• _WHAT THIS TASK INVOLVES_
After locating "El Regreso del", return its line and all lines that follow through the end of the listing below, exactly; leave out pictures.

• _PROVIDED DATA_
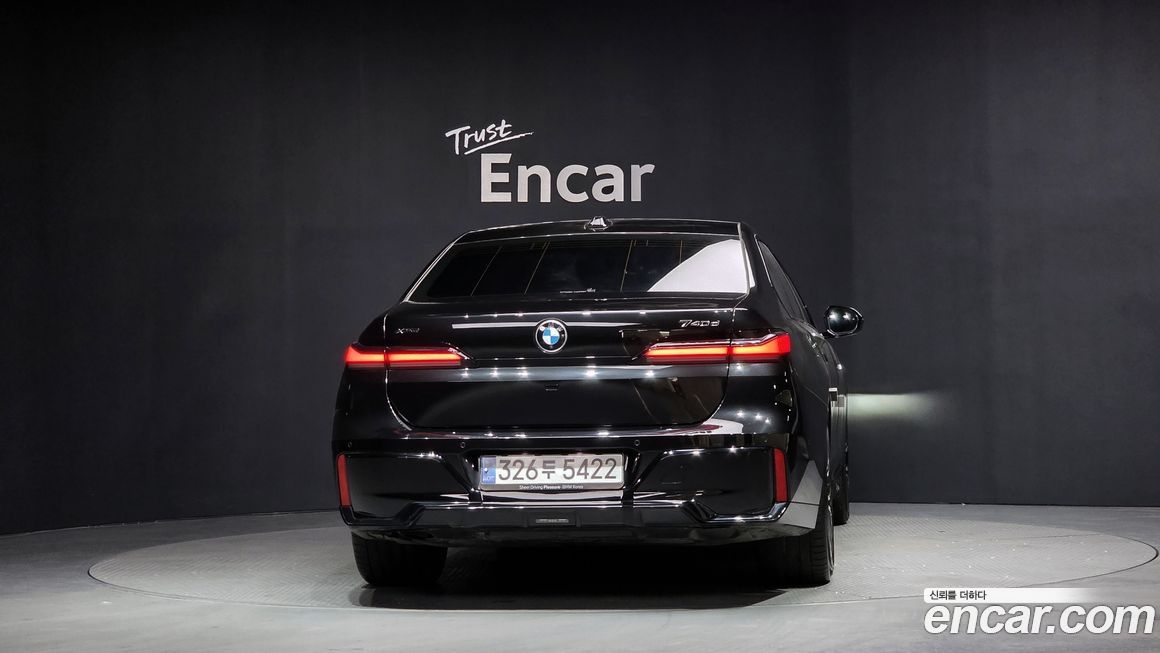 BMW 7-Series 740d xDrive M Sport, 2024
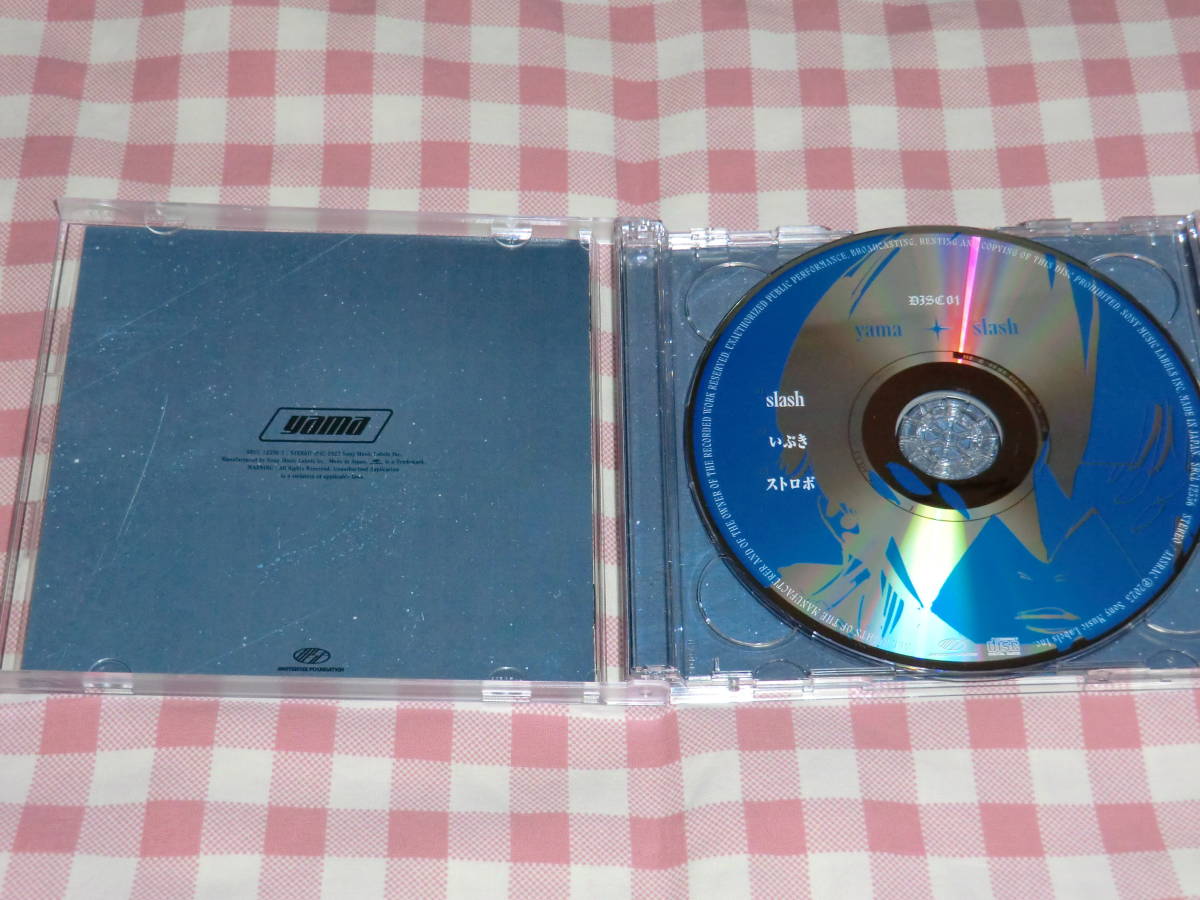 yama　slash 完全生産限定盤（CD+BD+付属品） _画像2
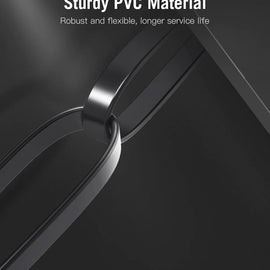 Net snúra, flöt, CAT6 UTP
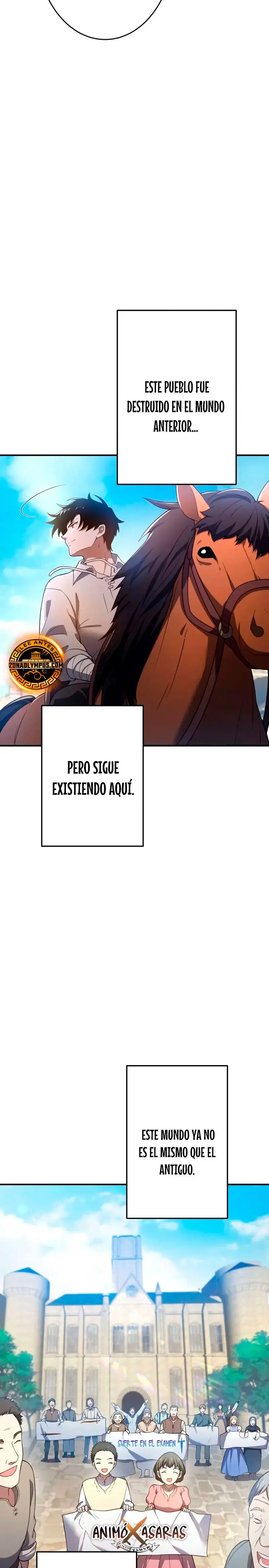 El Regreso del Espadachín Oscuro Capítulo 7 - Página 38 en español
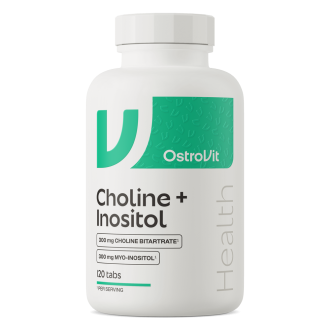 Colina si Inositol OstroVit Choline + Inositol 120 tablete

• _ANSWER AREA_
 El Regreso del Espadachín Oscuro Capítulo 7 - Página 38 en español
 Colina si Inositol OstroVit Choline + Inositol 120 tablete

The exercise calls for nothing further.